E. E. Cummings paints a lover’s power to render identity in this way:
your homecoming will be my homecoming—
my selves go with you, only i remain; a shadow phantom effigy or seeming
(an almost someone always who’s noone)
a noone who, till their and your returning, spends the forever of his loneliness dreaming their eyes have opened to your morning
feeling their stars have risen through your skies . . .

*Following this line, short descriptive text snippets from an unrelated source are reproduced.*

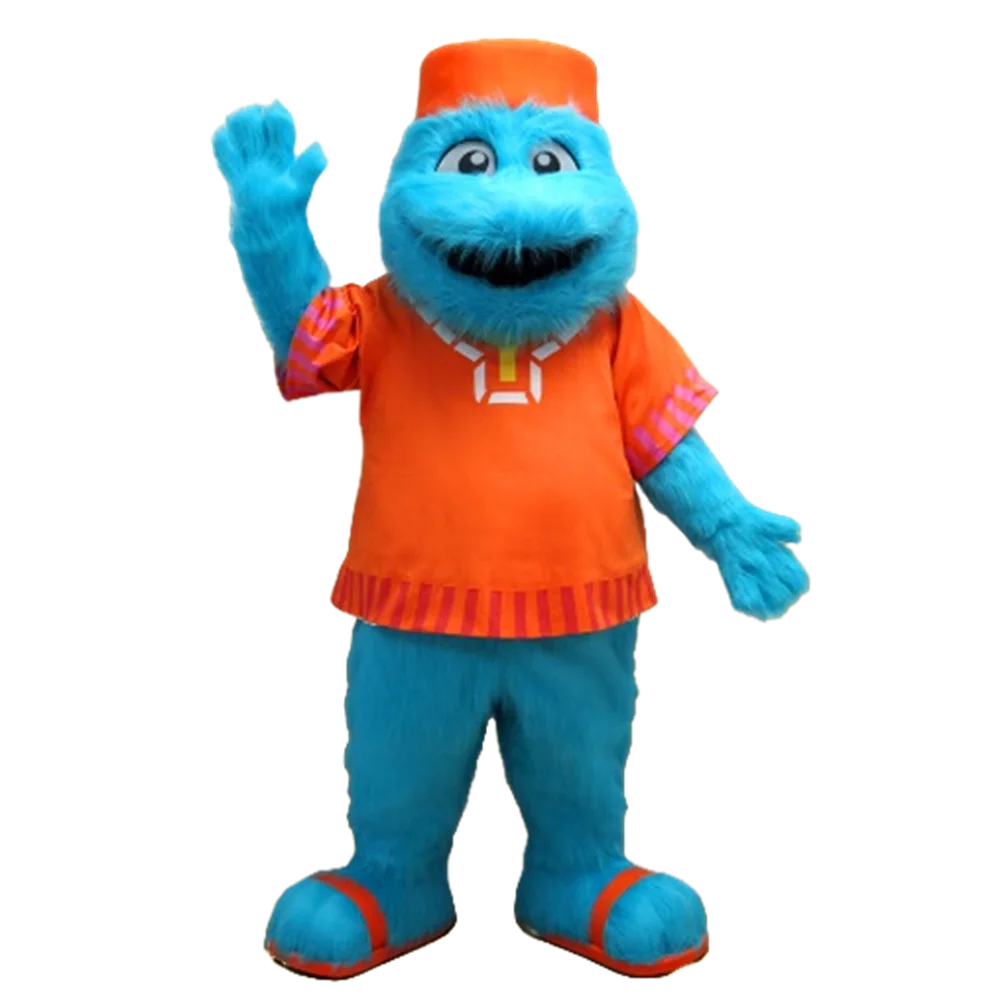 MASCOT blue monster mascot long hair plush costume high quality halloween monster theme costumes disfraces fancy dress 2084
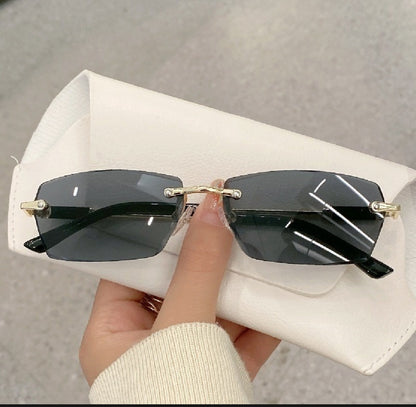 HIGH QUALITY RIMLESS SUNGLASSES DESIGNER SHADES CUTTING LENS UNISEX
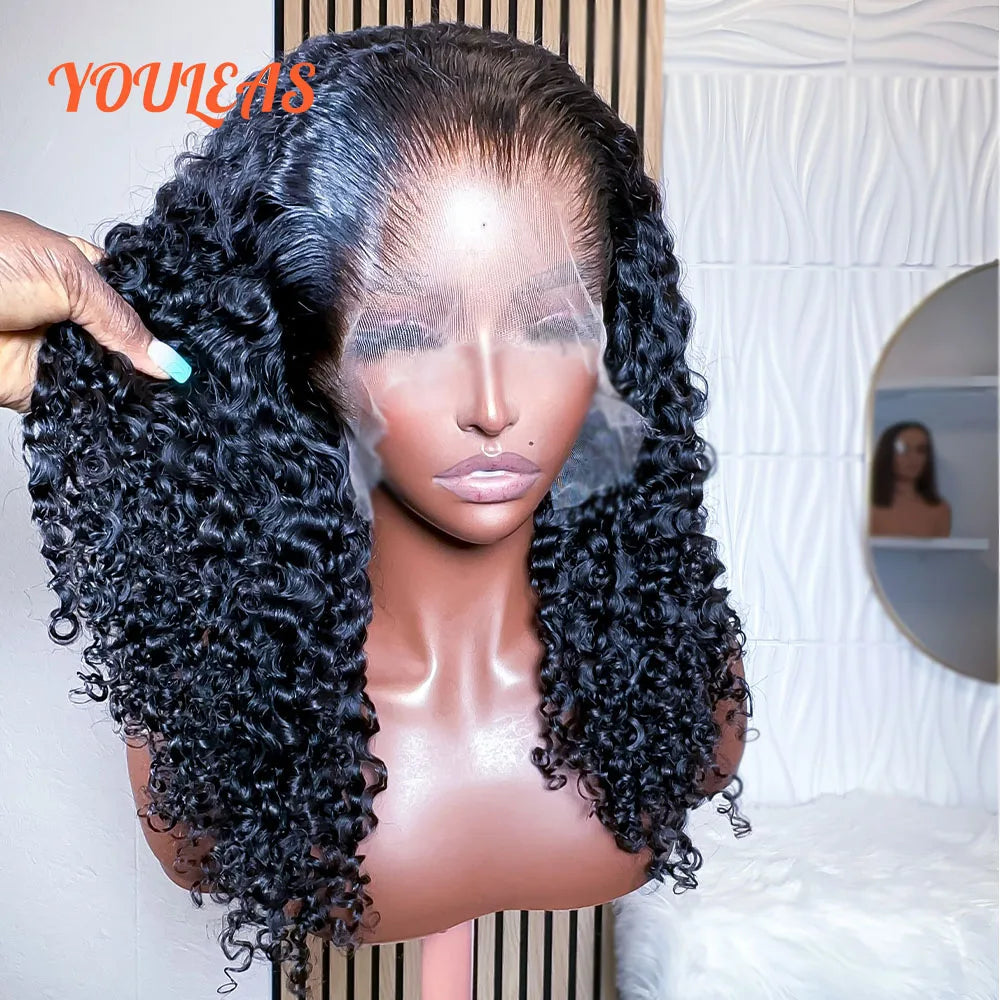 Lagos Hairline Burmese Curly Human Hair Wig 13x4 Lace Frontal Glueless Wig Human Hair Spiral Curls Deep Wave Wigs For Woman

The reach of limbic Attractors stretches beyond the moment. The sine qua non of a neural network is its penchant for strengthening neuronal patterns in direct proportion to their use. The more often you do or think or imagine a thing, the more probable it is that your mind will revisit its prior stopping point. When the circuits are sufficiently well worn such that thoughts fly down them with little friction or resistance, that mental path has become a part of you—it is now a habit of speech, thought, action, attitude. Ongoing exposure to one person’s Attractors does not merely activate neural patterns in another—it also strengthens them. Long-standing togetherness writes permanent changes into a brain’s open book.
In a relationship, one mind revises another; one heart changes its partner. This astounding legacy of our combined status as mammals and neural beings is limbic revision: the power to remodel the emotional parts of the people we love, as our Attractors activate certain limbic pathways, and the brain’s inexorable memory mechanism reinforces them.
Who we are and who we become depends, in part, on whom we love.